Outcrossing is where two unrelated individuals have been crossed to produce progeny. In outcrossing, unless there is verifiable genetic information, one may find that all individuals are distantly related to an ancient progenitor. If the trait carries throughout a population, all individuals can have this trait. This is called the founder's effect. In the well established breeds, that are commonly bred,a large gene pool is present. For example, in 2004, over 18,000 Persian cats were registered. A possibility exists for a complete outcross, if no barriers exist between the individuals to breed. However it is not always the case, and a form of distant linebreeding occurs. Again it is up to the assortative breeder to know what sort of traits both positive and negative exist within the diversity of one breeding. This diversity of genetic expression, within even close relatives, increases the variability and diversity of viable stock.
The two dog sites above also point out that in the registered dog population, the onset of large numbers of casual breeders has cooresponded with an increase in the number of genetic illnesses of dogs by not understanding how, why and which traits are inherited. The dog sites indicate that the largest percentage of dog breeders in the US are casual breeders. Therefore the investment in a papered animal,with an expected short term profit, motivates some to ignore the practice of culling. Casual breeders in companion animals often ignore breeding restrictions within their contracts with source companion animal breeders. The casual breeders breed the very culls that a genetics based breeder has released as a pet. The casual breeder also was cited in the quotes above on cattle raising.
There is a greater amount of inbreeding within royalty than there is in the population as a whole. Among genetic populations that are isolated, opportunities for exogamy are reduced, however may not intend to inbreed. Isolation may be geographical, leading to inbreeding among people in remote mountain valleys. Or isolation may be social, induced by the lack of appropriate partners, such as Protestant princesses for Protestant royal heirs, in which case inbreeding is desired. Since the late Middle Ages, it is the urban middle class that has had the widest opportunity for outbreeding and the least desire to inbreed.

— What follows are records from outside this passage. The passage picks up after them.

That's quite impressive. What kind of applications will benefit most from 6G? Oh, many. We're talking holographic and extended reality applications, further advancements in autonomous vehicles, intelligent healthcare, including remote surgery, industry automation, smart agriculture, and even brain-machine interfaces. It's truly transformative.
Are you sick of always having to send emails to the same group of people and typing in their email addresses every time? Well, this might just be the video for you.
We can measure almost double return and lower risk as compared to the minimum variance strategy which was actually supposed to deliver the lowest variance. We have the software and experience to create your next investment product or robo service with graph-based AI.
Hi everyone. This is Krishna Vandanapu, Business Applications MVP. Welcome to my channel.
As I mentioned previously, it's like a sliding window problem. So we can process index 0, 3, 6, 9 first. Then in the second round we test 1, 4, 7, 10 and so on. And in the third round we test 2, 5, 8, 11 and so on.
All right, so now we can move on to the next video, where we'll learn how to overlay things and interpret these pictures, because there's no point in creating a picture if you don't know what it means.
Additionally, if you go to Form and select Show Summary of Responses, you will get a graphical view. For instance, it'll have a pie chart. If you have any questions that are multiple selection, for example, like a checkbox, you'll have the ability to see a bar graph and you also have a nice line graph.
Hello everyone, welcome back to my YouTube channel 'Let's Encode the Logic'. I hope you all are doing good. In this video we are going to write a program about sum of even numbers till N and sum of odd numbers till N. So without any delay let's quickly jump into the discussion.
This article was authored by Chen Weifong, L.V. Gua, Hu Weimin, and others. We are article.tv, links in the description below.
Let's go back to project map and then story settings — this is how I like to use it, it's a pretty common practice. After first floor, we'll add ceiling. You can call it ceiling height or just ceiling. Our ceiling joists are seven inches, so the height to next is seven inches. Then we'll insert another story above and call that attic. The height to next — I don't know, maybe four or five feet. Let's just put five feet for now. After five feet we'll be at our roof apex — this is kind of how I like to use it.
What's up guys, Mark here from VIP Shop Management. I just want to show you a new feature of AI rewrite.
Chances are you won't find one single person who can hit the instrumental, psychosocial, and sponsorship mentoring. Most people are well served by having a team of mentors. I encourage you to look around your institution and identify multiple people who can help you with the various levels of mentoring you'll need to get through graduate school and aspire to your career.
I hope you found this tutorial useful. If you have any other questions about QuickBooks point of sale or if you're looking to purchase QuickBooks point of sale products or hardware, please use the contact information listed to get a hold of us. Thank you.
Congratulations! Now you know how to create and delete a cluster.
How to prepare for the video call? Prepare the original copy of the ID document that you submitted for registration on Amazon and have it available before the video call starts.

It has long been debated on whether inbreeding caused some of the problems among some of the family members of some royal lines, most notably centered around Charles II of Spain, who was mentally retarded. It is thought that his genetic makeup was so thoroughly degenerated that he could not properly chew food.
Other examples of royal family inbreeding include:
Inbreeding in European royal families has declined slightly in relation to the past. This is likely due to clear scientific evidence of genetic degeneration. Instead, inter-nobility marriage as a method of forming political alliances among elite power-brokers has taken precedence. These ties were often sealed only upon the birth of progeny within the arranged marriage. Marriage was seen as a union of lines of nobility, not of a contract between individuals as it is seen today. However, inbreeding within Royal bloodlines is still alive and well.
A recent study in Iceland by the deCODE genetics company, published by the journal Science, found that third cousins had the highest rate of genetic success & children, suggesting a minimal relationship to each other is favorable in humans pairing off and reproducing.